Notice that each stage of TDD is short, usually just a few minutes. It doesn’t take much time to write a failing test. Since you stop after the first failure, there aren’t many features to add before the test starts passing. Refactoring can take longer, up to several days, but you will want to run tests after each small change to ensure bugs and typos don’t “pile up”.

TDD in practice#

For TDD to work, tests must be run frequently, ideally after each write of any source or test file. Some IDEs can do this for you and on the command line tools, like entr, can help. As a consequence, tests and building should be fast, less than about 10 seconds. Tests that run slowly disrupt the flow of the TDD cycle and tempt developers to skip running tests. Slow tests or building also can indicate a problem. Try to decouple dependencies to accelerate building in compiled languages. For tests, options include injecting mocks to skip creating expensive objects, connecting to databases, or file IO. You can mark tests as slow with pytest and only run tests that are not slow during active development, saving the full test suite for just before committing to VCS.

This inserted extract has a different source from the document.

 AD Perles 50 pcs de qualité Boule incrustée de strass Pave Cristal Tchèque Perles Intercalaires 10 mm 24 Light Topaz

Ideally TDD follows the red, green, refactor cycle in order and without exception. In practice, while adding a feature to source code, you may identify a corner case that should be tested. You could leave a comment to test it, or add the feature now and add the test next. Beware the dangers of writing tests that pass the first time. Depending on your previous training, it may be difficult to decide on an interface without writing some of the implementation first. This is all fine, the important part is to have full test coverage as often as possible and make an effort to refactor code frequently and without worry that code is breaking.